**PROMPT:**
From the line with "Kia Carens 1.7" to the line with "Schönheit Gesichtscreme Schöne", output every line below exactly, both ends included. Skip the pictures.

**DATASET RECORDS:**
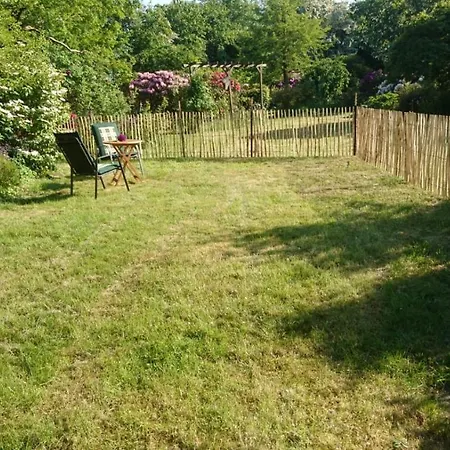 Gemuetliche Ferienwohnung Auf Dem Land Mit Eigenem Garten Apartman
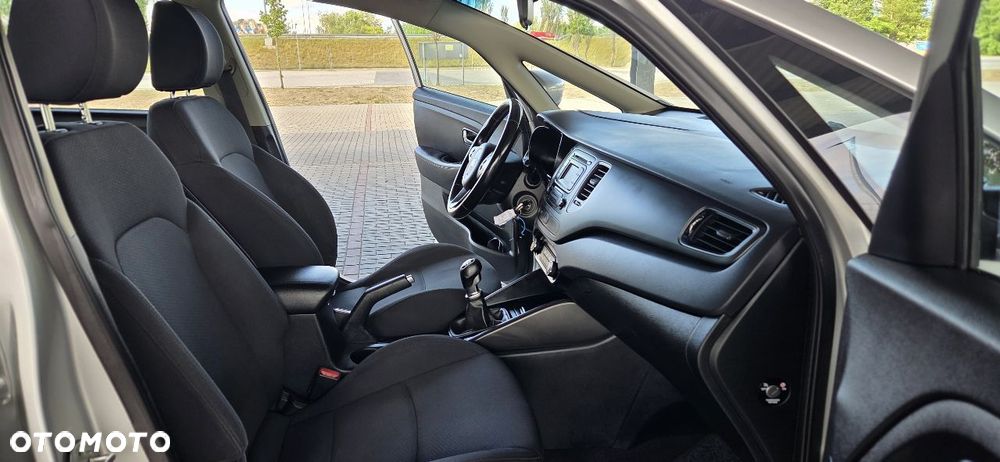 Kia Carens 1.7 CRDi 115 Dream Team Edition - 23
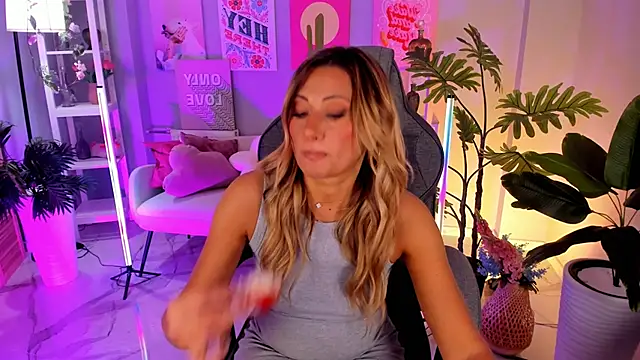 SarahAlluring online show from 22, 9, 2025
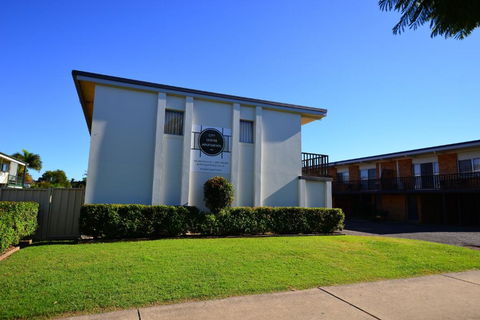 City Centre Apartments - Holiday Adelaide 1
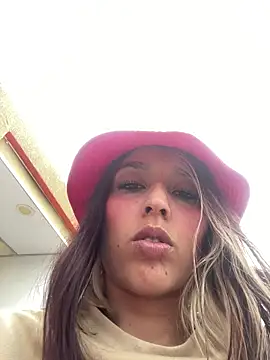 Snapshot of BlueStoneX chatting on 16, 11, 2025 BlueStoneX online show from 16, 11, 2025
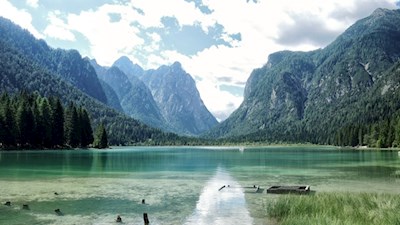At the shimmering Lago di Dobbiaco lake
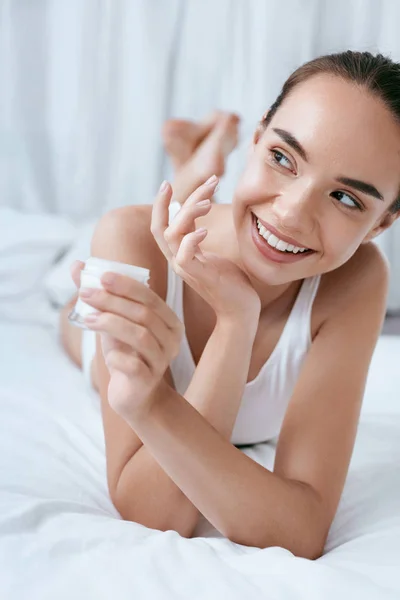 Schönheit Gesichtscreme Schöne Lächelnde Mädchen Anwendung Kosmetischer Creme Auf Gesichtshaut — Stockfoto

==

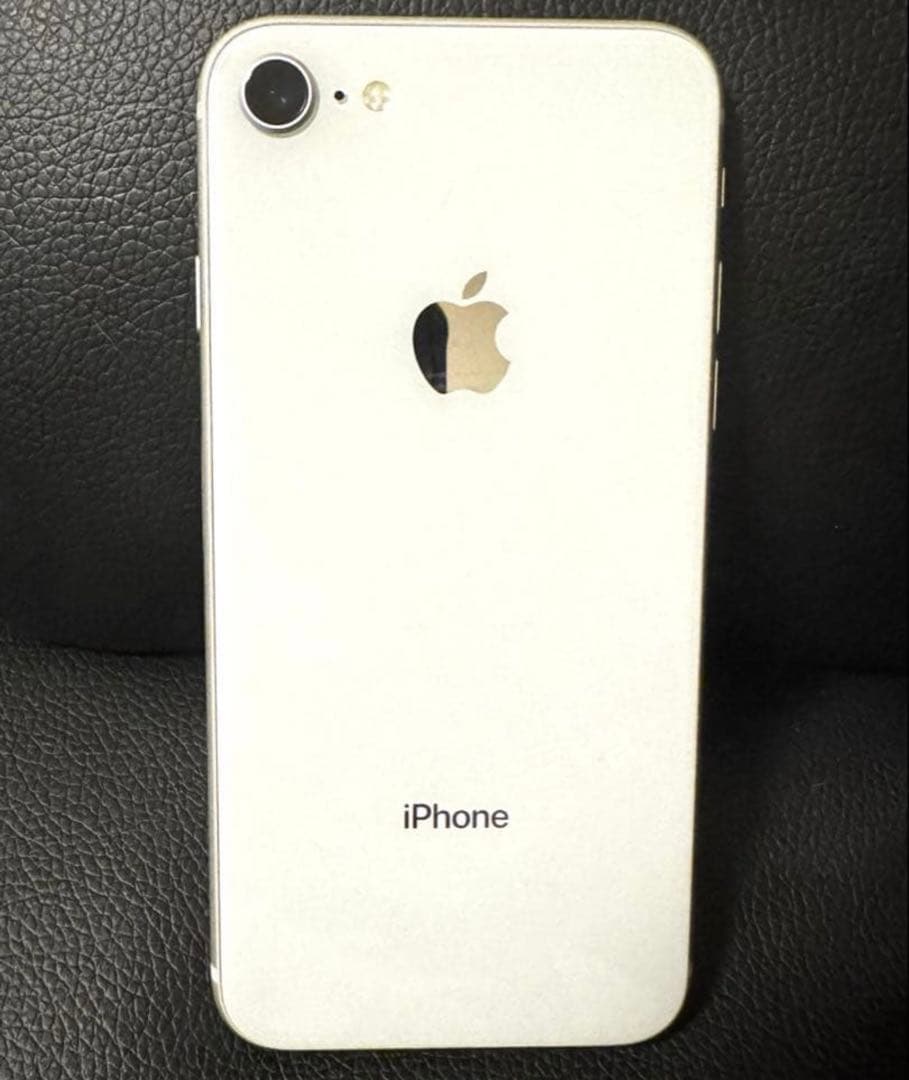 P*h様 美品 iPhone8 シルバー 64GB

...

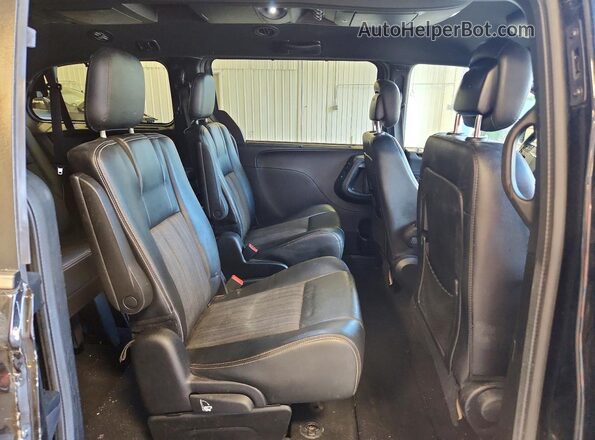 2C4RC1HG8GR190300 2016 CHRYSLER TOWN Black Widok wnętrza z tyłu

**WRITTEN RESPONSE:**
 Kia Carens 1.7 CRDi 115 Dream Team Edition - 23
 SarahAlluring online show from 22, 9, 2025
 City Centre Apartments - Holiday Adelaide 1
 Snapshot of BlueStoneX chatting on 16, 11, 2025 BlueStoneX online show from 16, 11, 2025
At the shimmering Lago di Dobbiaco lake
 Schönheit Gesichtscreme Schöne Lächelnde Mädchen Anwendung Kosmetischer Creme Auf Gesichtshaut — Stockfoto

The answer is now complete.